The programming language Python comes pre-installed with a large number of packages and modules that allow you to efficiently manipulate all kinds of data. However, the standard library of Python does not contain a package to work with Twitter data. Fortunately, the third-party package Tweepy provides all the necessary tools we need. In order use that package, we first need to install it. This can be done by executing the following cell:

>>> !pip install tweepy

In order to authorize our application to access Twitter through our account, we first need to make Python aware of our authentication codes. The folder of this workshop (which you saved on your Desktop, or somewhere else) contains a file named config.py. Open that file using the Sublime Text editor. You should see something similar to:

Update all variables with the appropriate values from your own scraping application (visit https://apps.twitter.com/, copy your tokens and keys and paste them in the config.py file). After you have updated all variables, do not forget to save the file! To make Python aware of our configuration, execute the following code block:

>>> import config

With the following code block, we set up all necessary components to access Twitter's API. We will first execute the cell and then try to understand, line by line, what all lines attempt to accomplish.

>>> import tweepy
...
>>> authentication = tweepy.OAuthHandler(config.consumer_key, config.consumer_secret)
>>> authentication.set_access_token(config.access_token, config.access_secret)
...
>>> api = tweepy.API(authentication)

The first line of this code block imports the tweepy package. This allows us to employ all functionality available in tweepy. The second line initializes a variable called authentication. We assign to that variable the value tweepy.OAuthHandler(config.consumer_key, config.consumer_secret), which is an object available in tweepy handling the authentication for us. Note that this object takes two arguments (config.consumer_key and config.consumer_secret), which refer to the consumer key and consumer secret we set in our config.py file. The third line sets the access token of the authentication object. Again, as you can see, we make use of the information stores in our config.py file. Finally, at the last line, we initialize a variable called api and assign to it the object tweepy.API(authentication), which takes a single argument (i.e. authentication).

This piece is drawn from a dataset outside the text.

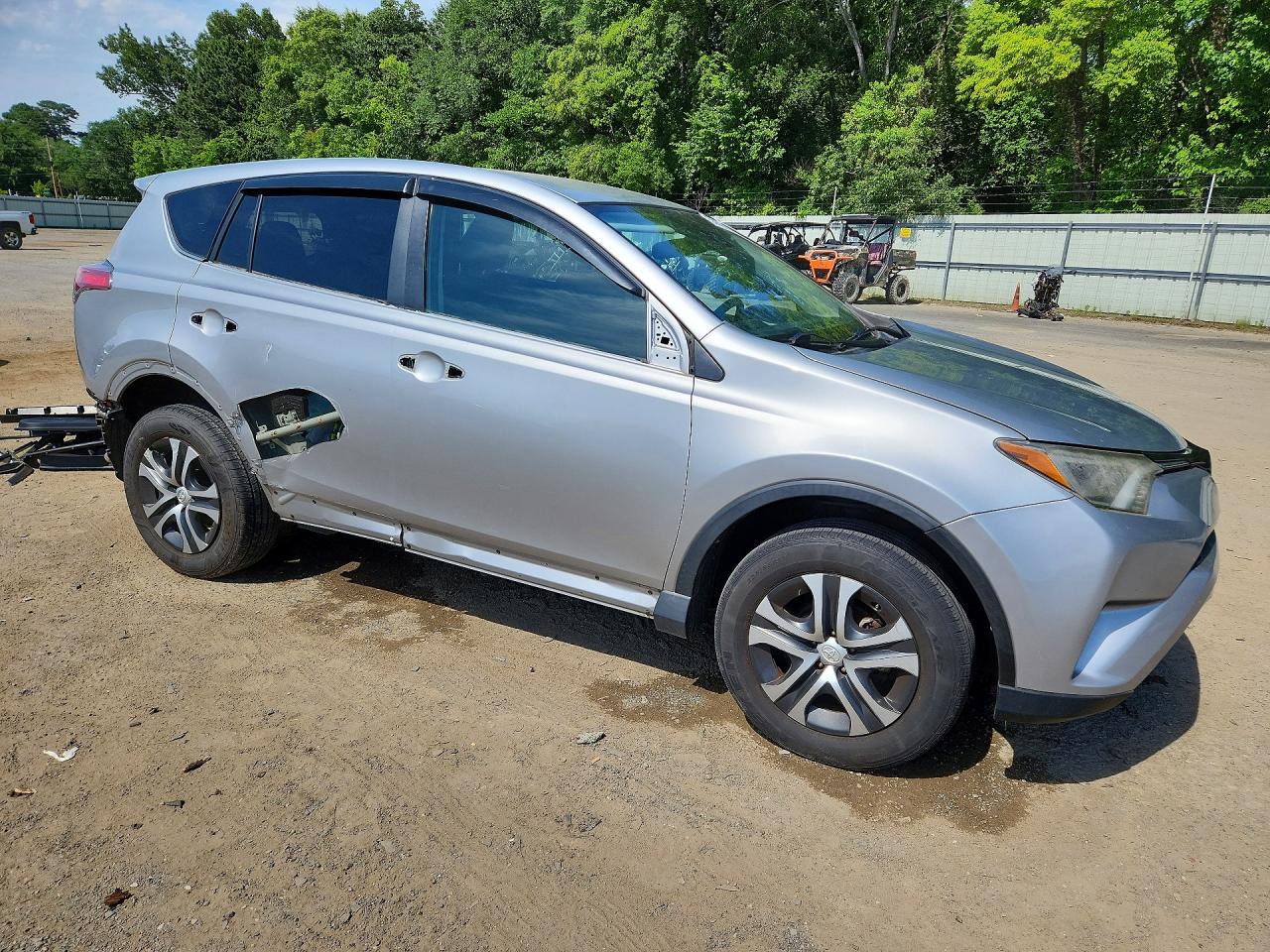 2018 TOYOTA RAV4 LE photo 7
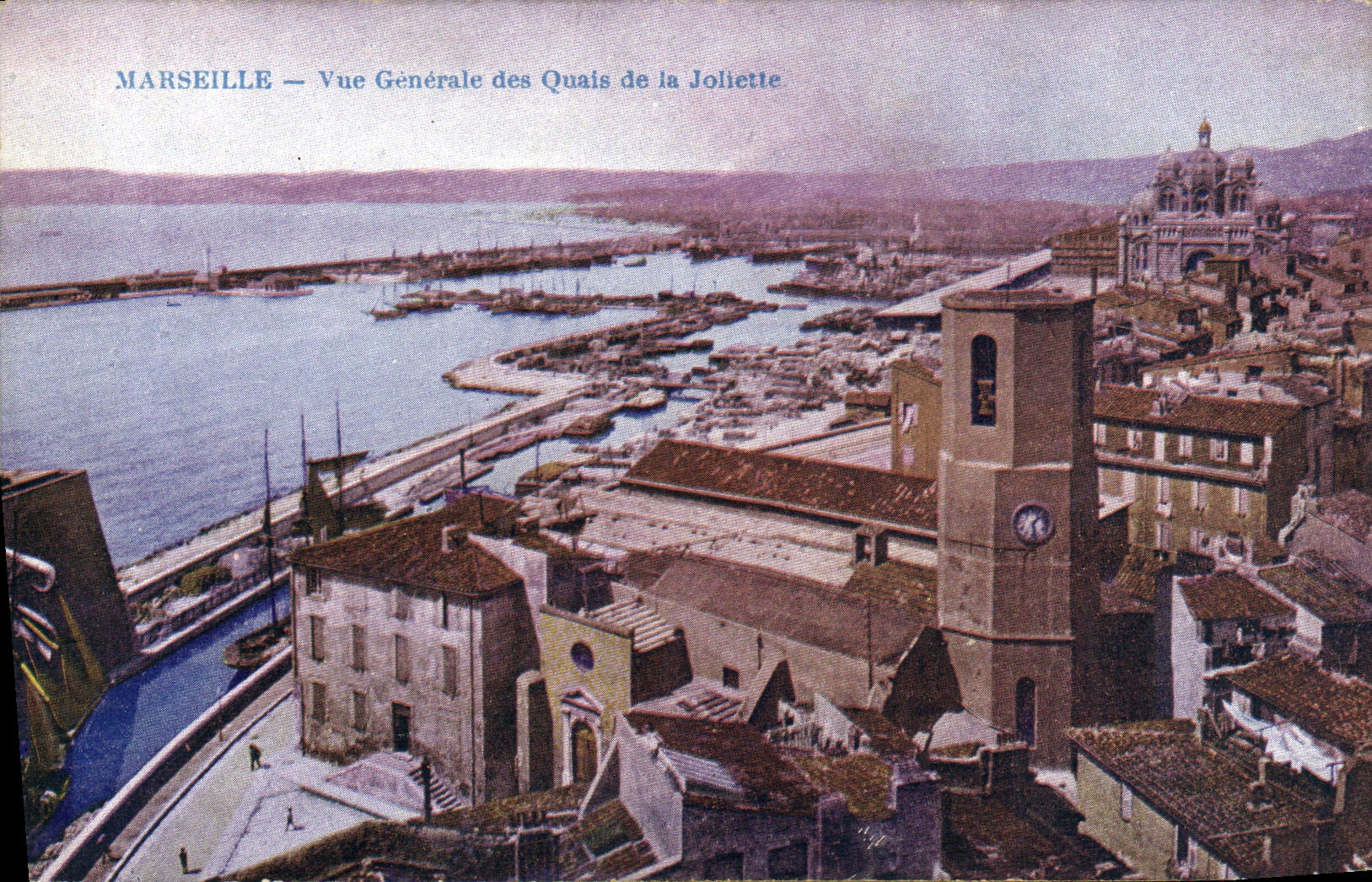 CPA Marseille Vue Generale des Quais de la Joilette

It is well conceivable that this code block is a little overwhelming, but you don't need to understand all parts. It is, however, important that you at least try to read the lines and get a general impression of what is happening.

The good news is that this is basically all we need to do in order to access Twitter's API. For example, we can now use the variable api to access our own timeline on Twitter. Execute the following cell:

>>> for tweet in tweepy.Cursor(api.home_timeline).items(10):
...     print(tweet.text)

In the code block above, we make use of a so-called for-loop. A for-loop is one of the most important concepts in programming as it allows us to perform particular actions for multiple iterations. In this example, we loop over the first 10 items in our api.home_timeline and print the text of each tweet using print(tweet.text). Try updating the number 10 with a different number and rerun the cell.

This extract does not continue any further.